(Stored entries)
========================================
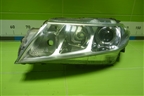 Фара левая (галоген) (3532054P00000) для Suzuki Vitara с 2014-2025г (Витара)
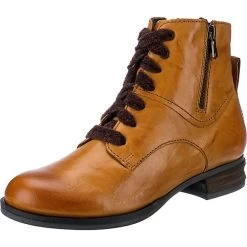 Josef Seibel Sanja 11 Schnürstiefeletten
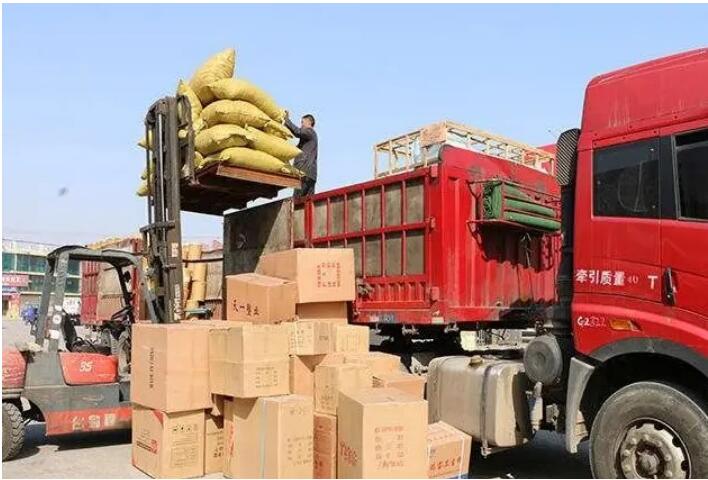 泉州到富顺县物流专线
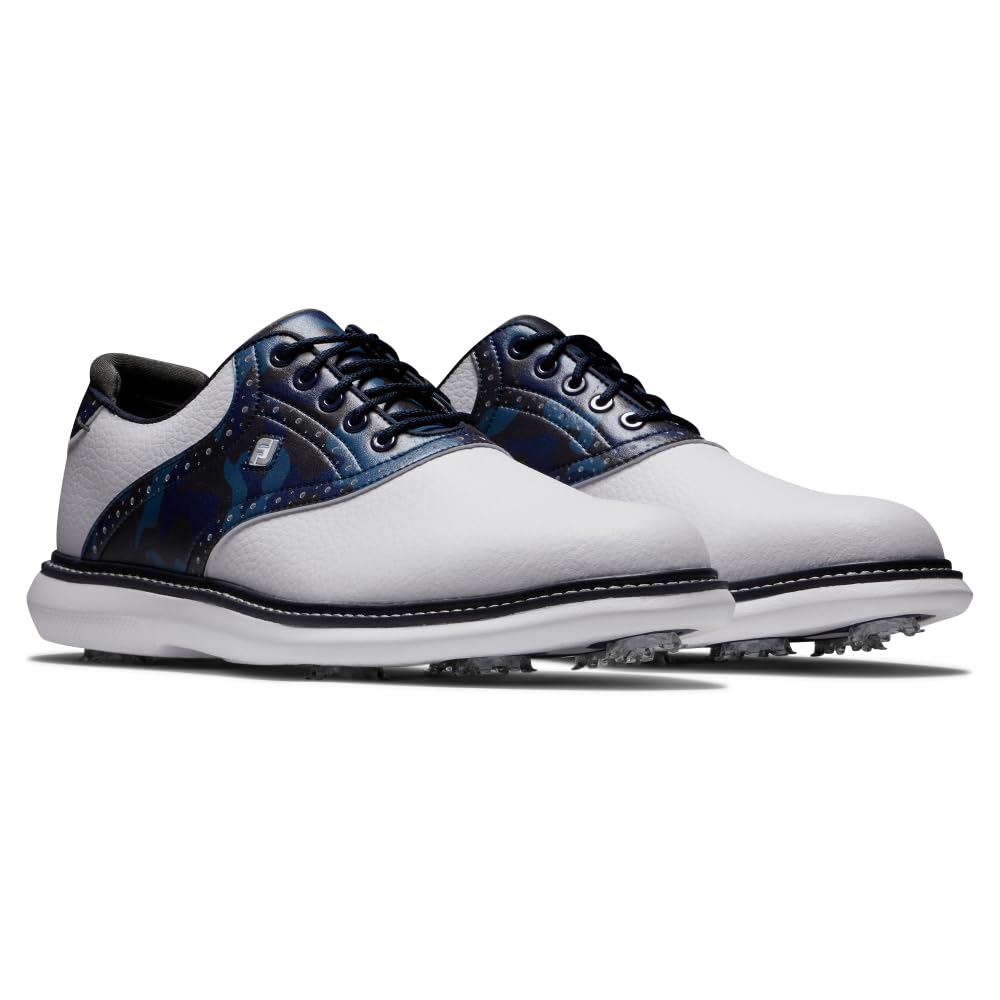 Footjoy Mens Traditions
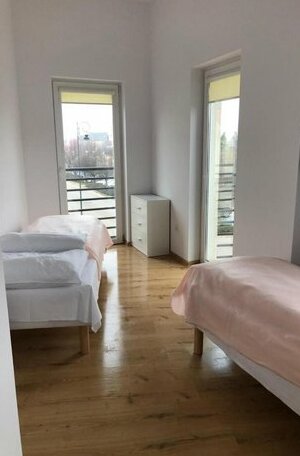 Gems Hostel Glogow - Photo3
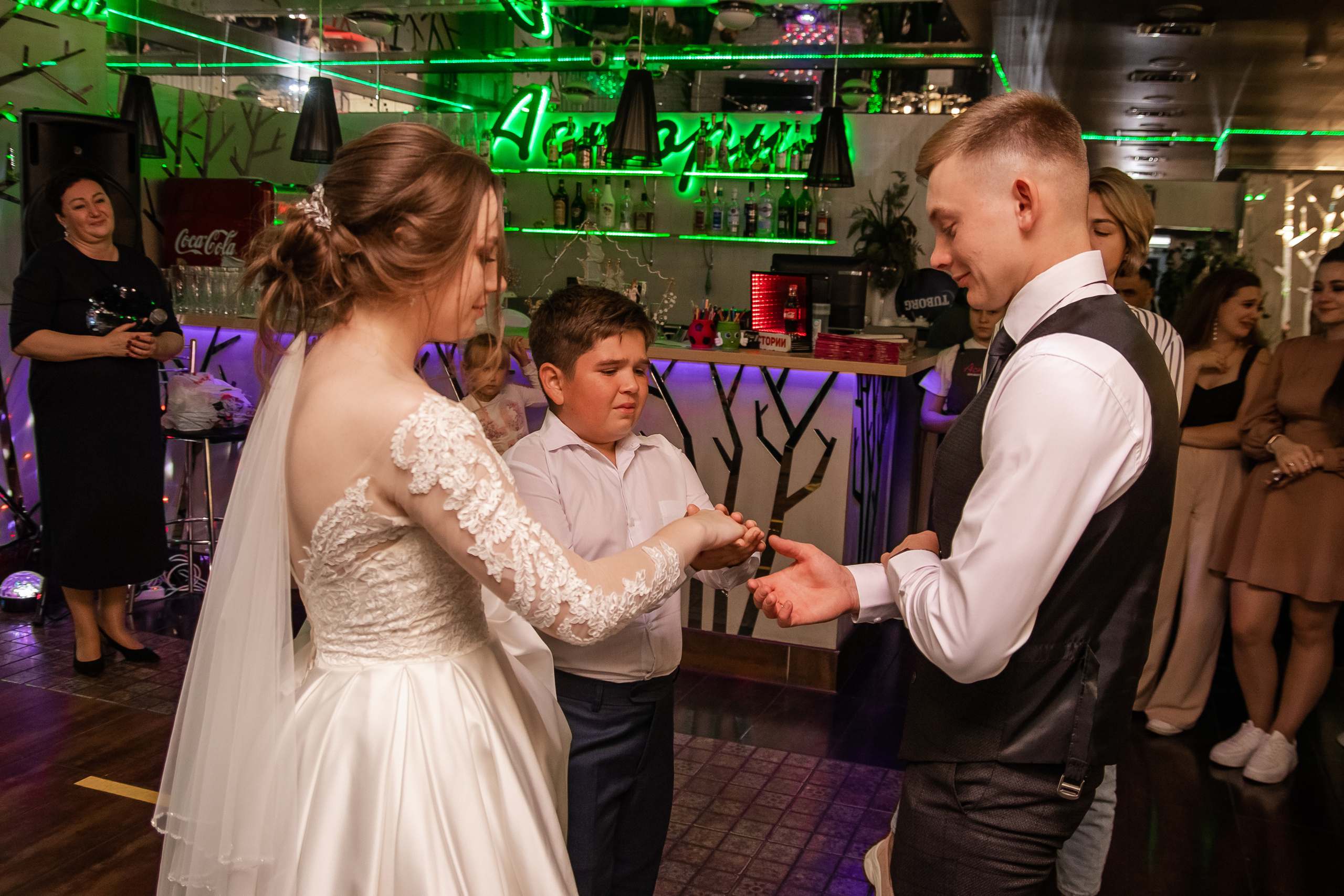 Свадебный Фотограф в Троицке Челябинская область. Фотограф Троицк Челябинская область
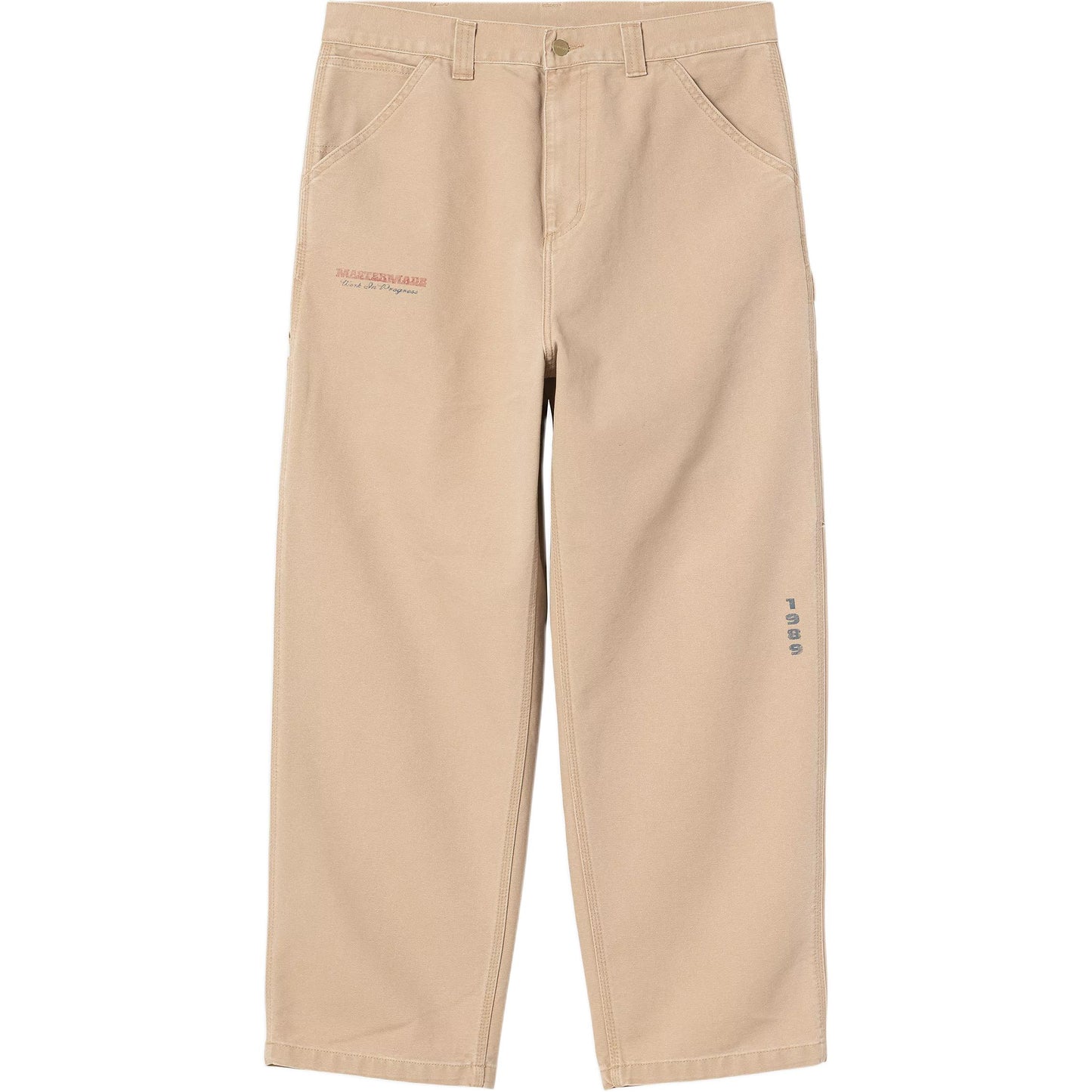 Брюки мужские Carhartt WIP SS25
========================================
▶ PROBLEM DETAILS
What you write must match, line for line, the records from the line containing "Gems Hostel Glogow - Photo3" through the last line, with every picture left out.

▶ EXERCISE OUTPUT
 Gems Hostel Glogow - Photo3
 Свадебный Фотограф в Троицке Челябинская область. Фотограф Троицк Челябинская область
 Брюки мужские Carhartt WIP SS25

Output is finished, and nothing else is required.